I’m not usually the kind of guy you find judging a startup competition. In the jungle-like ecosystem of entrepreneurism, I’m the worker bee, or maybe the howler monkey, but definitely the guy who likes to work on cool new stuff and talk about that stuff. Constantly. That’s why I write so much. I don’t want to be a writer, I just can’t shut up.
My point is, I’m not really into startups for the glamour (of which, as an aggregate, there is very little anyway).
I like it when products sell (not launch), and I like it when companies grow (not sell). I know the other parts are healthy components of the startup lifecycle, and I don’t dislike them, in fact, I’m still a big fan. But if you give me my preference, I’d rather be in a whiteboard meeting than a board meeting.
I’ve also been through the startup ringer more than a few times, in disparate circumstances. I’ve taken a service startup past the $1 million annual revenue mark, was number four at a company that later got acquired three times in one year, and have been on at least one public ride and at least one spectacular failure.
Thankfully, I’m batting over .500.
Finally, I can rarely say no when asked for help. This makes me a giant sucker, sure, but I’m hoping there’s some sort of purgatorial play there.

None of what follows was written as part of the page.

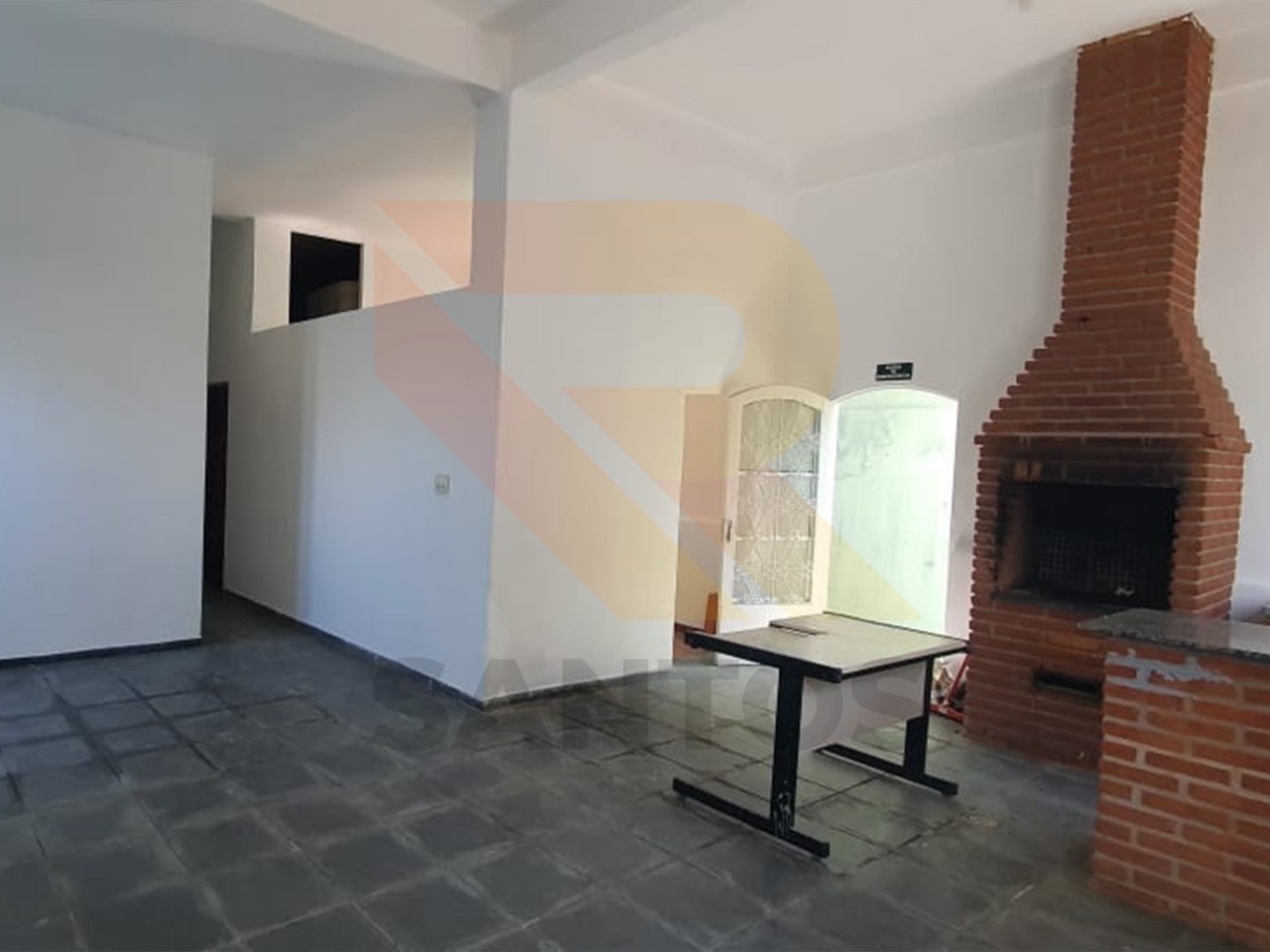 Prédio Inteiro - Foto 14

So even though there’s a part of me that finds judging an entrepreneur somewhat distasteful, I see the merit of it as an exercise to make that entrepreneur better and more successful. So I judge startup competitions for those aforementioned three reasons. 1) I want to bring an entrepreneur’s perspective into it. 2) I can do it. 3) I can’t not do it.

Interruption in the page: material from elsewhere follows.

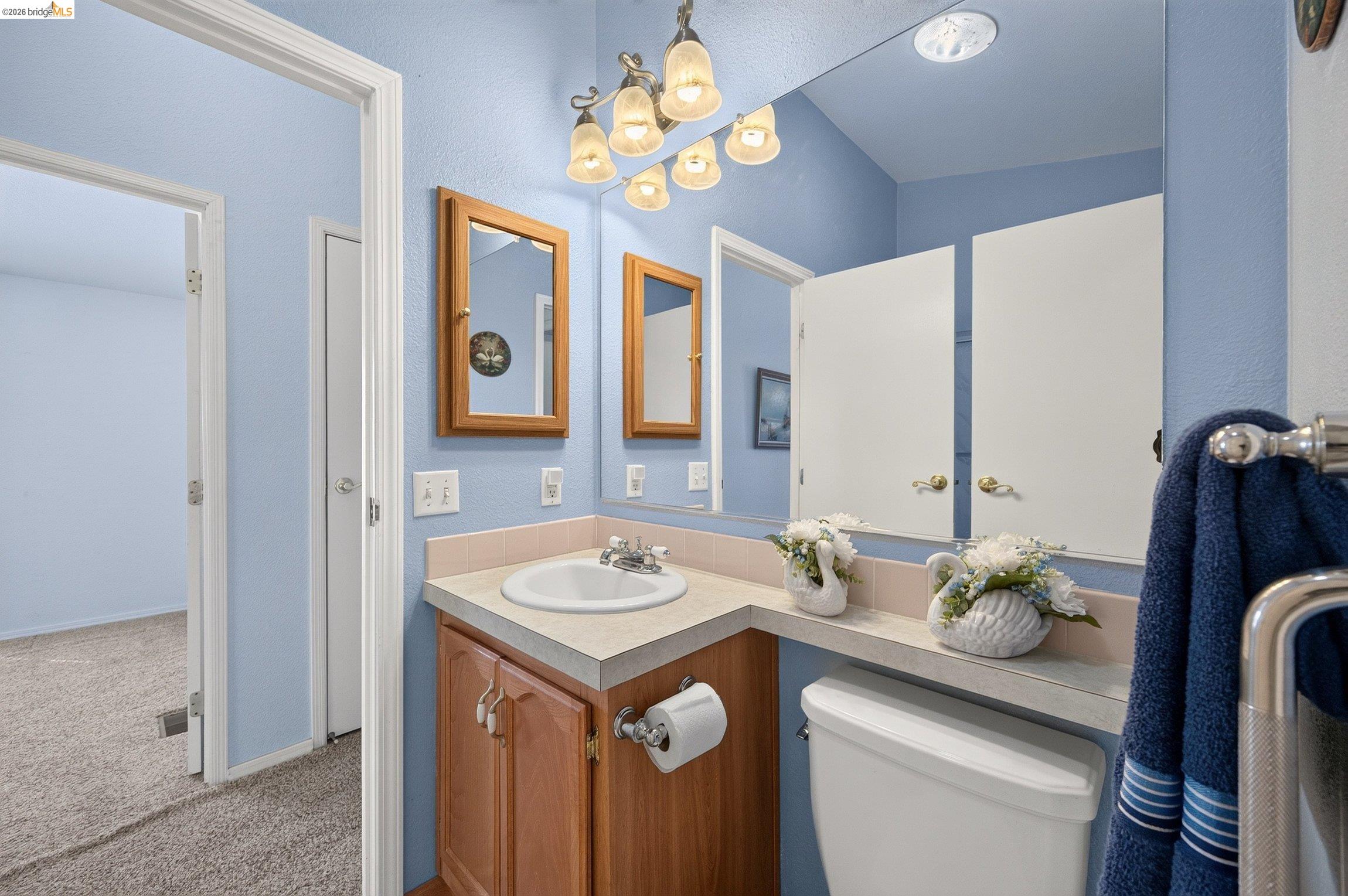 4221 Willow Rd, Bethel Island CA 94511 — photo 51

What I’ve learned after judging maybe a dozen of these competitions is you’re not really filling the role of the investor or the customer, you’re preparing the entrepreneur to face the investor or the customer. And in that, there are three things you need to do.
1) Do some research
It’s not cheating. If you can get any background or history on these companies ahead of time, go ahead and do so. This saves the judges from asking basic questions like “How do you plan on selling your product?”
And as for remaining true-to-life, any investor or customer that is listening to your pitch cold is doing someone a favor, and likely not interested in your product anyway. In my mind, the entrepreneur is there to sell, not to explain.
When it’s time for Q&A, I make sure I have some feedback to add to the questions. Sometimes it’s about the product, sometimes it’s about the pitch. But it’s always along the lines of whatever question I’m about to ask, never like “Those jeans are horrible! Have you applied for a patent?”
3) Don’t be a douche
Unless you’re actually in a position to be able to write a check at the end of the pitch, don’t be overtly negative. Especially with college or very early stage startups. You’re there first-and-foremost as a learning experience for when they go to pitch to real investors and customers.
Most of the time, when I hear abject negativity from a judge, it’s because they don’t know enough about the subject matter to be able to ask relevant questions, but they don’t want people to think that. Like Shark Tank. If you don’t have a question or constructive feedback, keep your mouth shut.
Can you tell I’m talking to previous judges I’ve worked with?
So there, now you know everything you need to know to judge a startup competition, provided you have a decent amount of experience as an entrepreneur.